**What is being asked**
The answer should consist solely of the lines from the first one below through the line containing "Baby Urine Mat L", copied exactly.

**Data to use**
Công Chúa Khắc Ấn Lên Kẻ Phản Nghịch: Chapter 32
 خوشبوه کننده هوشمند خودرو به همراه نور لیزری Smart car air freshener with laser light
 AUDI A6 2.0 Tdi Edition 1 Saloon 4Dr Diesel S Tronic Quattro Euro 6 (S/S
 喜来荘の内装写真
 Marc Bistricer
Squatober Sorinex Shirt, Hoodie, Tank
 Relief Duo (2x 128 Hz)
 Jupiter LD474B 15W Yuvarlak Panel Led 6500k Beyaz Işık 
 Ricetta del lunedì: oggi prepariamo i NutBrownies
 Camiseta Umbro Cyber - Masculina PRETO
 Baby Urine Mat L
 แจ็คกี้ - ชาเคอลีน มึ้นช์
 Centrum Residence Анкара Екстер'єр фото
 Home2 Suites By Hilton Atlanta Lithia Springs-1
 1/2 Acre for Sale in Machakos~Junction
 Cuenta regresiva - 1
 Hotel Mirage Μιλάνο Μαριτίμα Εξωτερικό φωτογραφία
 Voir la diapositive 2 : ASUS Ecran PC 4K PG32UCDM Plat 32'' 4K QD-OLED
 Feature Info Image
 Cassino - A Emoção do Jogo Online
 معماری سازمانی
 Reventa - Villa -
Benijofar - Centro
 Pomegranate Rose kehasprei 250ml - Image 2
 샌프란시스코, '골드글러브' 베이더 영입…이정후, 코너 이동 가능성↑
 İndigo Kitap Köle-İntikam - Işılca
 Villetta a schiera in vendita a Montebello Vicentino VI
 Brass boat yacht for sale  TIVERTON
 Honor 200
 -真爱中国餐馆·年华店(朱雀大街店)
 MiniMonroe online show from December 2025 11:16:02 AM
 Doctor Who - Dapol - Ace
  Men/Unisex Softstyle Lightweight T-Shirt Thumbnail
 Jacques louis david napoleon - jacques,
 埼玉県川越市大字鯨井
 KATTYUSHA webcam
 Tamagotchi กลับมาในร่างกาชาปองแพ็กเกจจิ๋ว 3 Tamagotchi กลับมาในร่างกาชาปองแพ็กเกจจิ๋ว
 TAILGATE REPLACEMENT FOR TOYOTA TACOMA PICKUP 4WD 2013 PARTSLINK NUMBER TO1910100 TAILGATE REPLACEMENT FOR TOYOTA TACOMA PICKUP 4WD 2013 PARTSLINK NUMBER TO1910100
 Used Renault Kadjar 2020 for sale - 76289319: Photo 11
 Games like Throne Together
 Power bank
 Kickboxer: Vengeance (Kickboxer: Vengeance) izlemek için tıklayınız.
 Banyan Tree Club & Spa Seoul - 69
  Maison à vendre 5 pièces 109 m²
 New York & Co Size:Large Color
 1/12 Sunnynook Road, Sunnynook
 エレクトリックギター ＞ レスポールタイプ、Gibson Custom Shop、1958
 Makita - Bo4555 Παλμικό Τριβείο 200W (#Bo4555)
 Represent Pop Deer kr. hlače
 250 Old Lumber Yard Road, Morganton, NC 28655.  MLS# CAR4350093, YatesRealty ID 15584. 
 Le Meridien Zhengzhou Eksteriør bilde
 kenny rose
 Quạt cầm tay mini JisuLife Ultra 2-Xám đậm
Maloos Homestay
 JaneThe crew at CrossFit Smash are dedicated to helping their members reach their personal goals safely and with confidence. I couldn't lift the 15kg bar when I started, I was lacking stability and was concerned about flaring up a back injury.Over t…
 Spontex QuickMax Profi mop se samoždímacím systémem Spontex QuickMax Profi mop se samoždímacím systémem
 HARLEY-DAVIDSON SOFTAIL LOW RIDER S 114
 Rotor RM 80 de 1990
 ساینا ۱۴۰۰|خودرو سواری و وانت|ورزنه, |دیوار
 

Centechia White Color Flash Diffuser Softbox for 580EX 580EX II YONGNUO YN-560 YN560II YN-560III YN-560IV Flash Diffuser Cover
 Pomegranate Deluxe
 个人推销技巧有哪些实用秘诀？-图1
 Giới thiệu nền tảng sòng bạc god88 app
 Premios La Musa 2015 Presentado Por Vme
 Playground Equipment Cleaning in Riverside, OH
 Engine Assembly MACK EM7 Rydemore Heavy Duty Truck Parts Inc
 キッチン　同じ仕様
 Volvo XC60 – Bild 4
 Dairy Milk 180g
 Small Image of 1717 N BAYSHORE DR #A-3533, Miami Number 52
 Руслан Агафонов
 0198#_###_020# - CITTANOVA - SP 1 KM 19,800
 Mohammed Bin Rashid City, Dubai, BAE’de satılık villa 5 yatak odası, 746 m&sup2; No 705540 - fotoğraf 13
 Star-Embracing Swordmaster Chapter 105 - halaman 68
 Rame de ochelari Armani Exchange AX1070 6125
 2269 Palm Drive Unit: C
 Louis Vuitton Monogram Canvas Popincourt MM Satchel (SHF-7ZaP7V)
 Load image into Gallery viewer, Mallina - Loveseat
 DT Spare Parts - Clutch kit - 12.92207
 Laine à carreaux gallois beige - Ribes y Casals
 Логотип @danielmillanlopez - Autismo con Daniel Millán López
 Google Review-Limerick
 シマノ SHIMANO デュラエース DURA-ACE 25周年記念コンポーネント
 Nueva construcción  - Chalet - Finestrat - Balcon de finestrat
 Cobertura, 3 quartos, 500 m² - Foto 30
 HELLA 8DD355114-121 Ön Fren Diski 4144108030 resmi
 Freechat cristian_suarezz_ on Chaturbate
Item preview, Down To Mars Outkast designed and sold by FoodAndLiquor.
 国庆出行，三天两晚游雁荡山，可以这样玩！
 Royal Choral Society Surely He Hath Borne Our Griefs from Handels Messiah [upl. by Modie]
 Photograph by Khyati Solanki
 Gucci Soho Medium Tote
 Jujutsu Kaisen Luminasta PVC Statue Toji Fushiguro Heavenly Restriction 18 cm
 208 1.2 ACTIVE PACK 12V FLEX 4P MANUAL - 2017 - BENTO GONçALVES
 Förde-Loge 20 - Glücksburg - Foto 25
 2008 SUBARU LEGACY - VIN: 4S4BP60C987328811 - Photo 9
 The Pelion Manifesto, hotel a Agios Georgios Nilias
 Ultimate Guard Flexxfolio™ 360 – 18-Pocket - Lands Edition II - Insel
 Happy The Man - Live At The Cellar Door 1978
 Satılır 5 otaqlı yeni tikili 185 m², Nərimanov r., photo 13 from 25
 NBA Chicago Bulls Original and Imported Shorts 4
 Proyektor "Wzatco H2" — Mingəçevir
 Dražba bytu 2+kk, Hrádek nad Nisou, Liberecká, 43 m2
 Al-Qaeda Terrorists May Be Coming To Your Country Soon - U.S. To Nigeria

**Response box**
Công Chúa Khắc Ấn Lên Kẻ Phản Nghịch: Chapter 32
 خوشبوه کننده هوشمند خودرو به همراه نور لیزری Smart car air freshener with laser light
 AUDI A6 2.0 Tdi Edition 1 Saloon 4Dr Diesel S Tronic Quattro Euro 6 (S/S
 喜来荘の内装写真
 Marc Bistricer
Squatober Sorinex Shirt, Hoodie, Tank
 Relief Duo (2x 128 Hz)
 Jupiter LD474B 15W Yuvarlak Panel Led 6500k Beyaz Işık 
 Ricetta del lunedì: oggi prepariamo i NutBrownies
 Camiseta Umbro Cyber - Masculina PRETO
 Baby Urine Mat L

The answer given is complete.